Smudge error: Error downloading...x509: certificate signed by unknown authority with LFS remote object store
When using remote object store for LFS, the runner gets
Smudge error: Error downloading...x509: certificate signed by unknown authority when trying to download objects.
When the first request - request for a new job - is done, Runner is:
- getting the TLS certificate and chain from the GitLab's response,
- trying to generate a full certificates chain based on the response data,
- attaching resolved chain to the job data,
- attaching specified client key/certificate pair (if configured) to the job data.
The chain from the job data is next exported as
GIT_SSL_CAINFO variable during job execution. This becomes the only source of truth for git's certificate validation. If the client key/certificate pair was configured, their content is also exported as
GIT_SSL_CERT variables which allows git to handle TLS Client Authorization that may be configured in front of GitLab.

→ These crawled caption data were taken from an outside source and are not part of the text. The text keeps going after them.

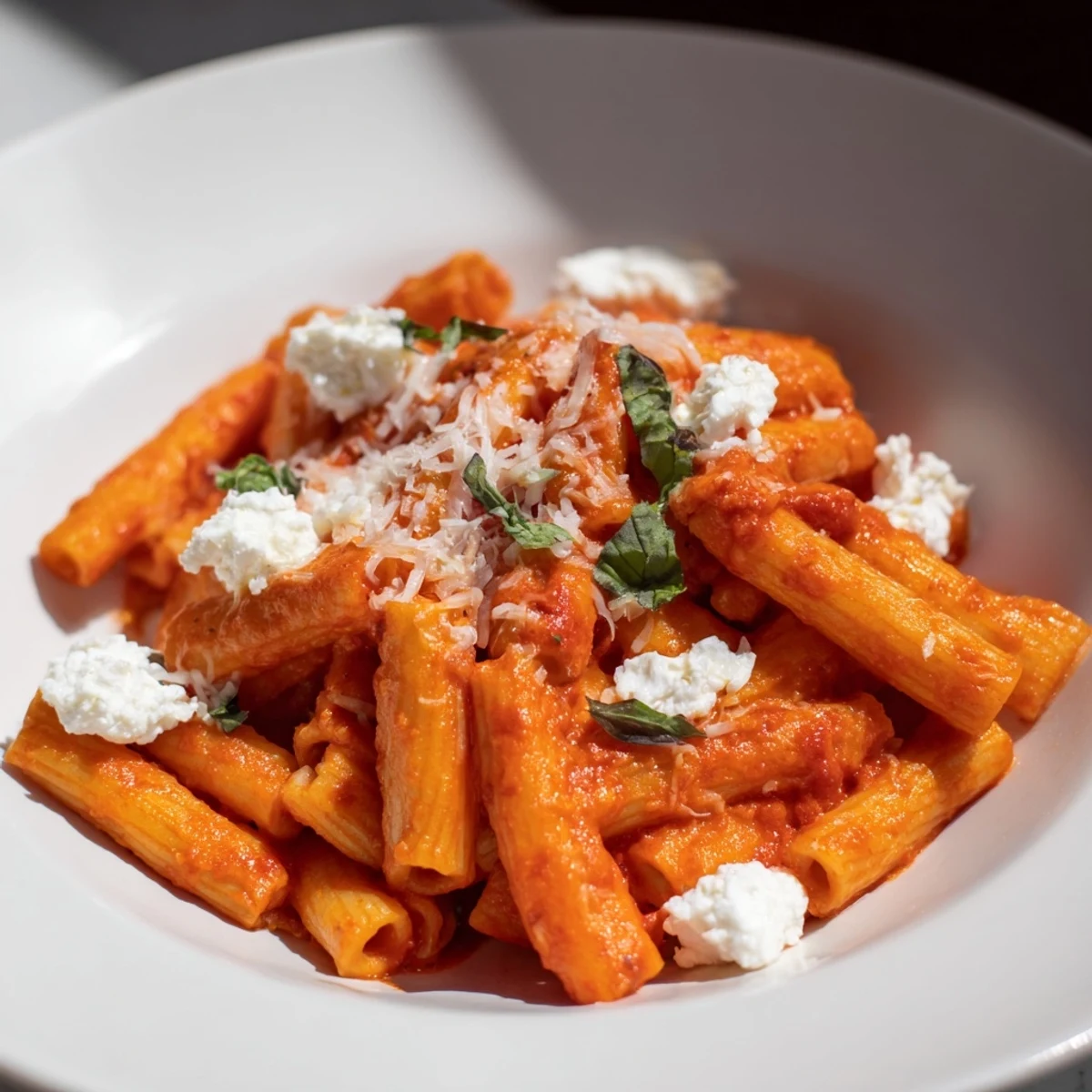Golden-brown One-Pan Baked Ziti, steaming and garnished with fresh herbs, smells delicious and inviting.
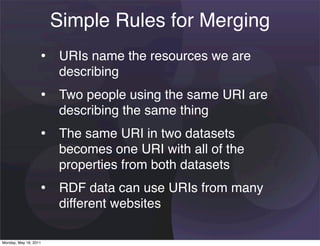 Simple Rules for Merging
                   • URIs name the resources we are
                       describing
                   • Two people using the same URI are
                       describing the same thing
                   • The same URI in two datasets
                       becomes one URI with all of the
                       properties from both datasets
                   • RDF data can use URIs from many
                       different websites

Monday, May 16, 2011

The problem here is that the
GIT_SSL_CAINFO contains a CA chain that is able to verify only the certificate used by the GitLab instance, from where the job was requested. We've already found this to be problematic for cases when external submodules available through HTTPs are used.
Here we have a similar problem caused by LFS. LFS operation is handled by git. Git connects with GitLab (so the certificate at this point is verified properly), but GitLab sends a redirection to S3. Git tries next to connect to S3, but it still is limited by
GIT_SSL_CERT. Unless the S3 endpoint is signed by a certificate verified by the same CA, this will fail at certificate verification stage. And since they are using Amazon S3, then the domain (and certificate) are *.s3.amazonaws.com. While GitLab's domain is example gitlab.example.com. And this can't be verified.
The runner is using the CA for the GitLab server against the remote object store. Because of this, the job returns
Smudge error: Error downloading...x509: certificate signed by unknown authority.
The runner should use the system trusted store and not just the GitLab server CA.
Have experienced this with AWS S3
Customer ticket -> https://gitlab.zendesk.com/agent/tickets/99491 (internal use)